─── SOURCE MATERIAL ───

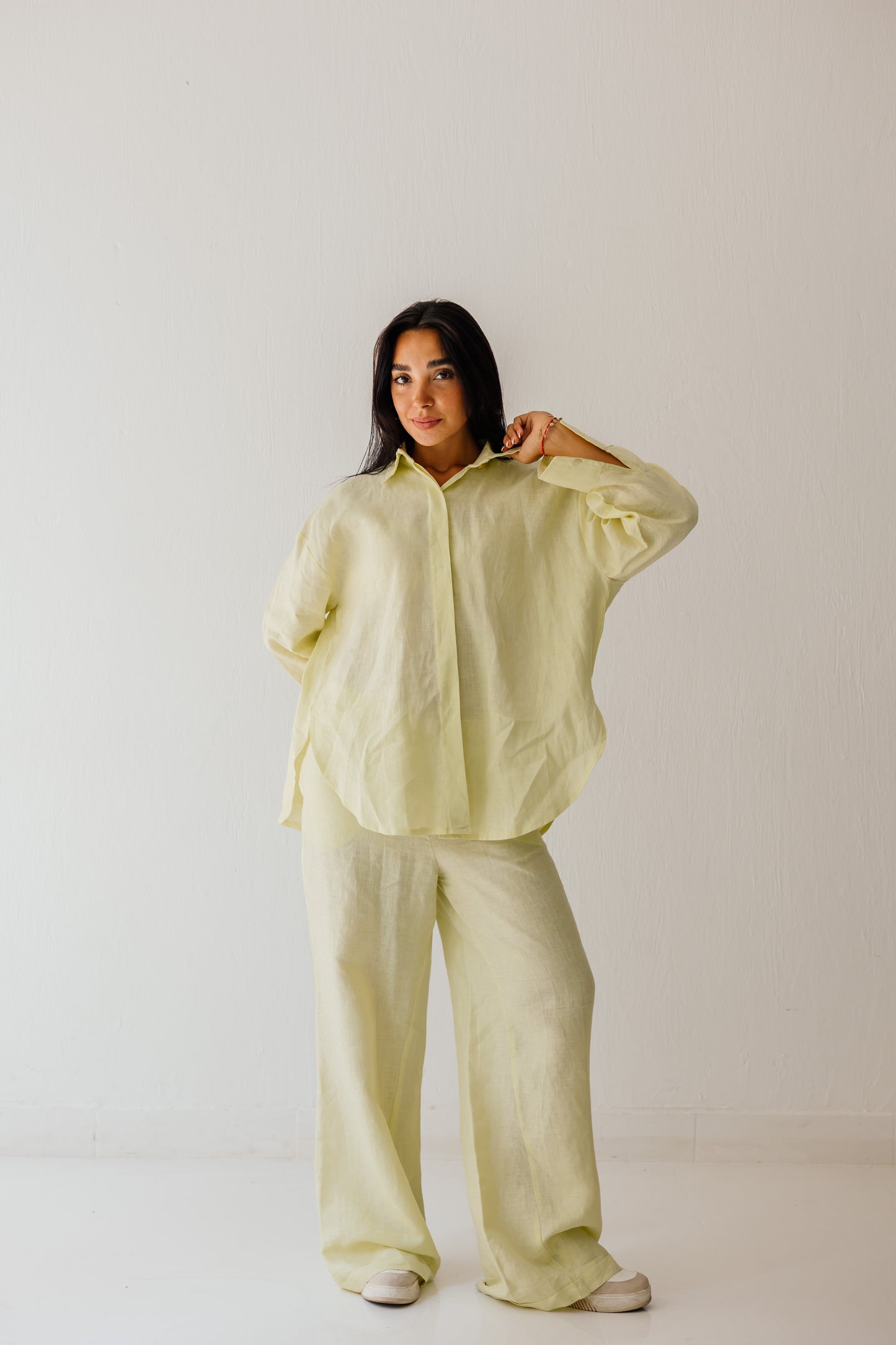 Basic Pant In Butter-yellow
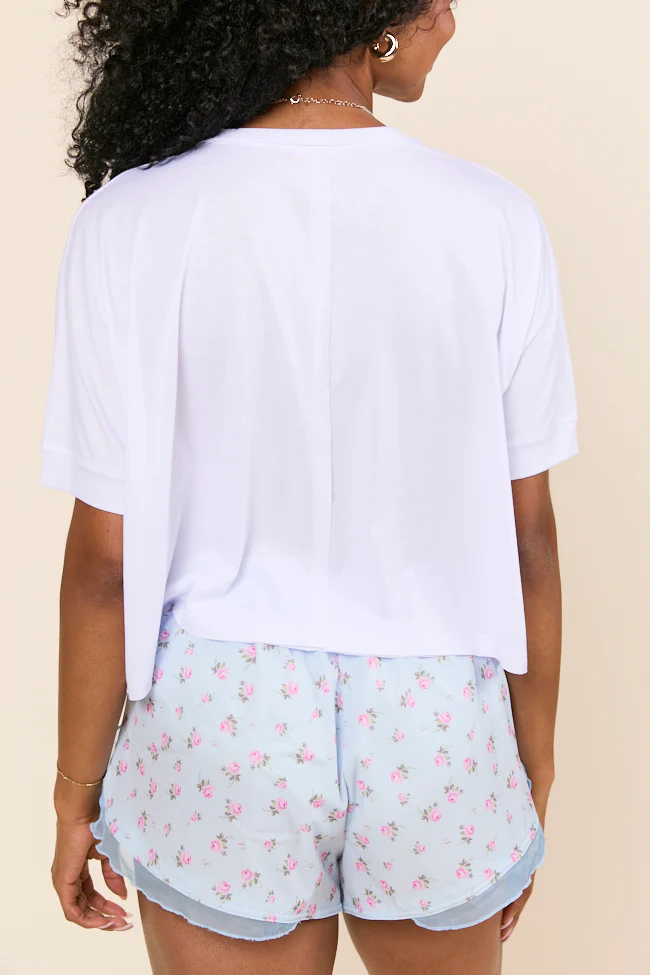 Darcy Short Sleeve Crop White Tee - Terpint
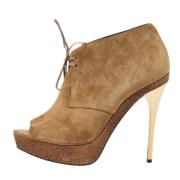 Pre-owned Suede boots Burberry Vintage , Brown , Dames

───

### TASK TO CARRY OUT
Make a word-for-word repeat of the material, skipping all pictures.

### REPLY
 Basic Pant In Butter-yellow
 Darcy Short Sleeve Crop White Tee - Terpint
 Pre-owned Suede boots Burberry Vintage , Brown , Dames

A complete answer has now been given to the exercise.